First, I have read most of the posts about young puppies and how breeders should not give them away young and the valuable things they can learn from week 6-8. Also, they said that the mother was hit by a car. (I hope they would not lie about such things)
I found an ebay classified add for GS puppies, I responded and ended up buying a puppy. I never questioned the breeder about the age, they seemed like a nice couple. They had me scheduled to pick up at what I assumed was the 8th week. So, the breeder told me the puppy was ready (eating solid food, off bottle) and I could pick it up a week early. She is a great dog so far, extremely smart and good with people. I have had her going to bathroom outside since the night I got her and socializing her with stable beagles that are healthy. (Last night) I am going to socialize her with other dogs and take her to the vet asap.
So the problem is she is only 6 weeks old! She has had her first round of shots and was micro chipped. The breeders have AKC papers and seem like really nice people and work a government job. I am taking her out every hour or so, I am worried about bite inhibition. I want her to be a good dog, after reading everything I can on the internet I have come to this conclusion: Young puppies can end up being great dogs even if they left early as long as they are raised well. I am going to do everything in my power for this little puppy. Any helpful input would be very useful. Thanks.

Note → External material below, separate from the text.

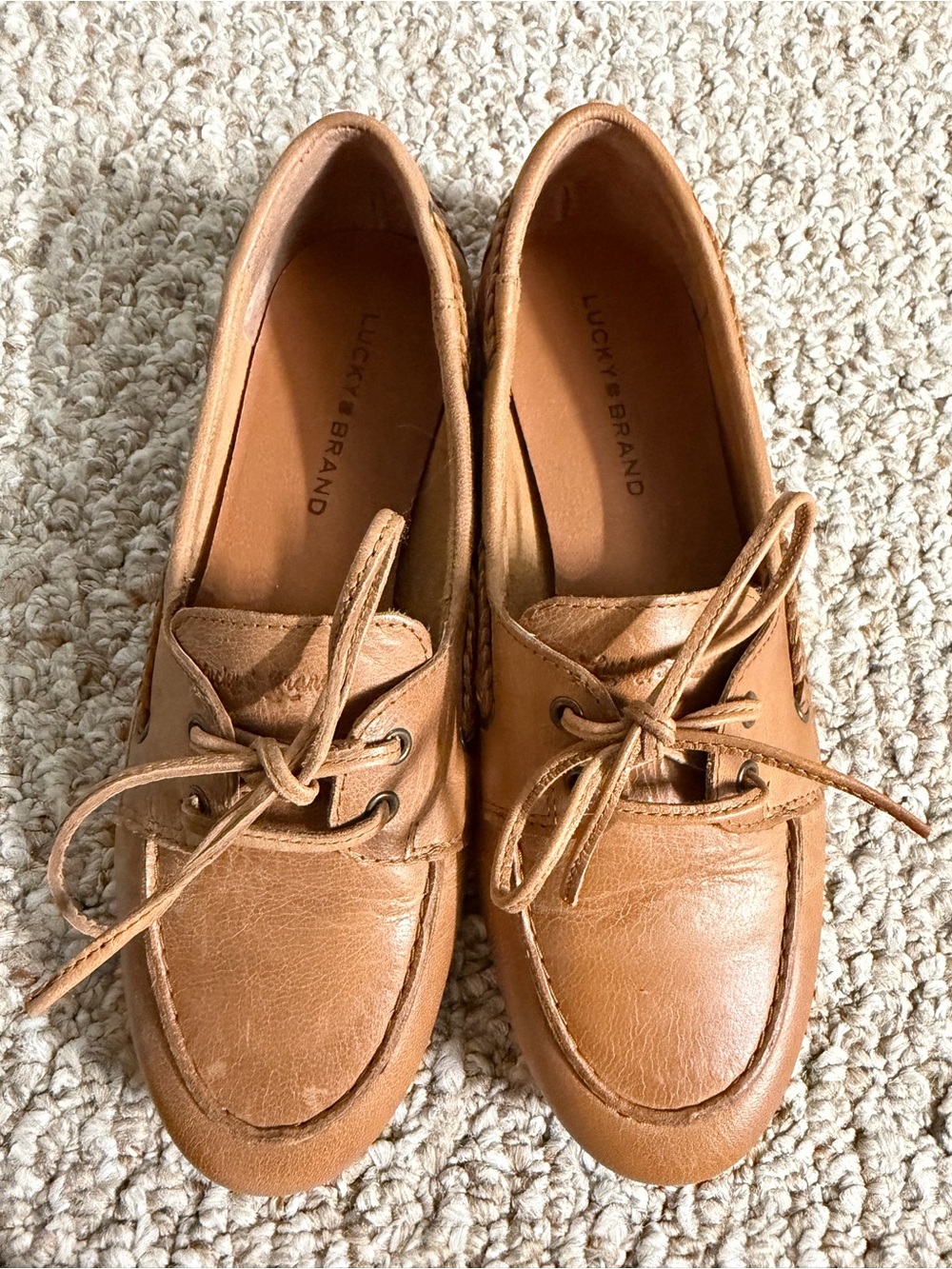Lucky Brand Women's Tan Leather Moccasin Loafers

Here is a picture. She is a sable with very pretty markings.


----------



## Jennperry (Nov 10, 2014)

I was told we could not walk our dog or have her around other dogs until after her 2 round of shots. We got Sure at 4.5 weeks the breeder was an #[email protected]@ and lied to us but she adjusting well and is 6 months old now.


----------



## Io2014 (Nov 24, 2014)

I definitely recommend getting her to a vet immediately for a checkup and to discuss your concerns. One thing that struck me in your post--vaccination at or before 6 weeks is not modern protocol, so you'll want to discuss a vaccine schedule with a vet among other things. I can't remember what it was, but a vet I used to work for did something different with these too-young pups in terms of vaccines.

If there is one in your area, try to find a vet who offers puppy playgroups or classes for pups as young as 8 weeks. When your girl is old enough, a good puppy class/playgroup should be valuable! 

Good luck and I'm glad you have done some research on the potential challenges you face.


----------



## Debanneball (Aug 28, 2014)

Hello, some people say first set of shots, others say second set of shots before socialization. Most vet's do offer puppy daycare, but if I am correct, they require all their shots. Stay away from dog parks as sometimes they are scary places for wee pups, make sure she is in a safe environment, and make it fun! Potty training sounds like its going good. As she grows, becomes more sure of her surroundings, the 'landshark' will happen.. Have lots of toys to re-direct..lots! Good luck with your little girl, she is adoreable!


----------



## Augustine (Nov 22, 2014)

We were in the same boat.. assumed our girl was 8 weeks when we got her, then at the last minute when we asked for her specific birthday (since we like celebrating our pet's birthdays), we found out she was only a little over 6 weeks! 

I was worried about the biting thing, too, since she was taken away from her siblings too soon to learn the yelping thing, meaning we'd have to be the ones to teach her how to tone down her biting using alternative methods.

Other than that, though, she's turning out great and is a WONDERFUL dog already. Her sharky-ness can get a bit annoying but as long as you spend enough time with your dog, make sure they get proper exercise (walking _and_ play time), have good food, are trained well, etc. you should be just fine. 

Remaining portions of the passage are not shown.